That's a great point, I'm parsing out ads to determine sponsorships anyway so filtering these from search should be straightforward. Thanks for the feedback :)
Do I understand correctly banana pricing is that it costs $1.87 per hour, so the hour of audio with large model costs you about $1? Thats probably a bit too expensive compared to cloud providers.
Currently I'm using Algolia but others have pointed out some alternatives I'll have to check out. Would love to hear any feedback/ideas you have from your project!
Thanks! The search function is built with Algolia, I'm sure they support boolean ops like "AND" but I'll need to dig into their API. I think if you search both terms, transcripts containing both should be ranked higher.
I’m doing a similar personal product. Highly recommend switching to Typesense before your Algolia trial is up. I’ve heard good things about Meilisearch but Typesense has been rock solid for me.

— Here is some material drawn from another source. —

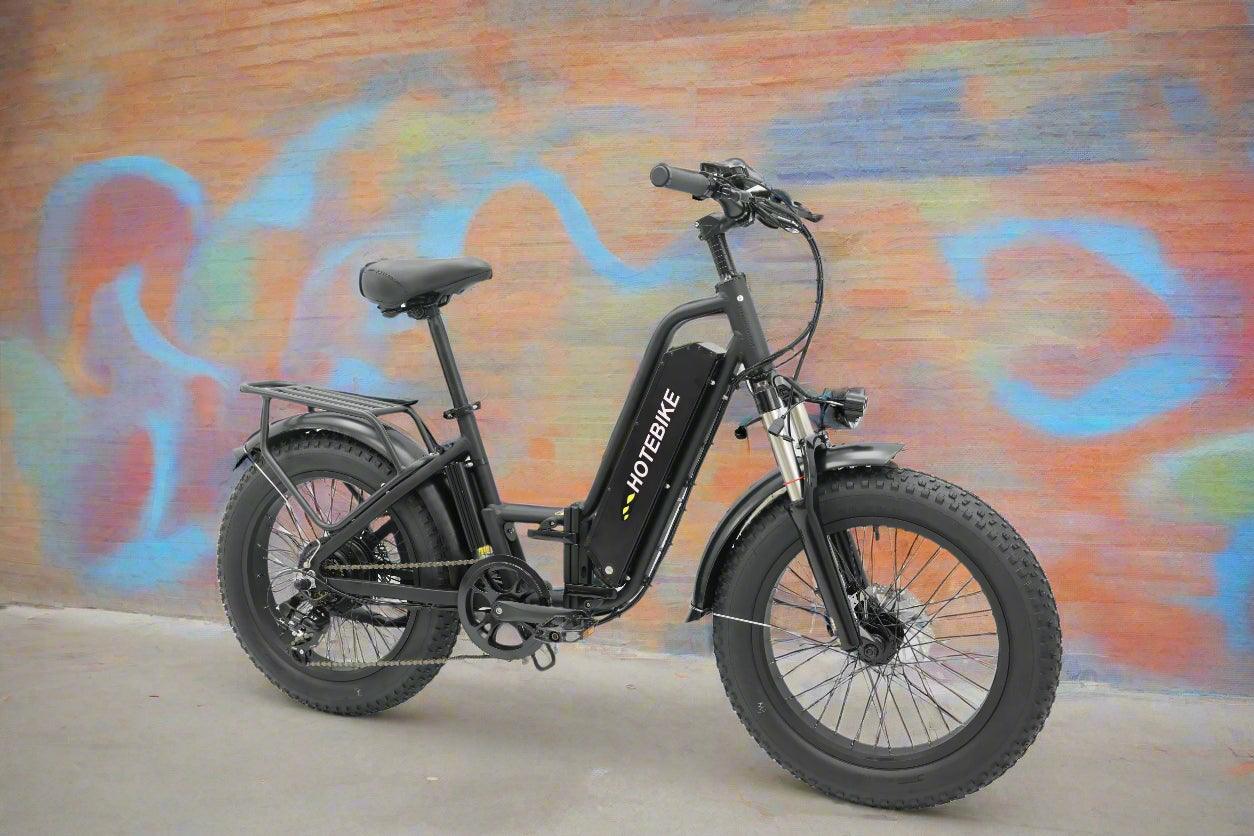 Folding fat tyre ebike-model: C20 - Fedeli Ebikes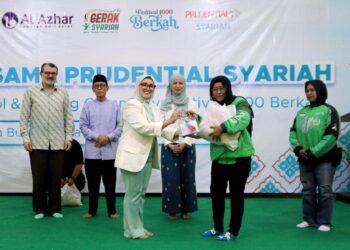 Prudential Syariah dan Yayasan Pesantren Islam Al-Azhar Gelar Festival 1000 Berkah Selama Ramadan 1447 H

You might want to try semantic search instead of fiddling with keywords. Disclaimer: I'm building a plug-and-play semantic search API at https://kailualabs.com
Building out the search a little more to support exact matches would also be super useful in this flow. For example, I've been on several podcasts talking about Notebook.ai, but searching for the name also matches "notebook", which results in an unusable signal-to-noise ratio (seeing every podcast that says the word "notebook"). Likewise, it'd be great to quote-search exact matches for "Andrew Brown", instead of seeing all podcasts that mention "Andrew" or "brown".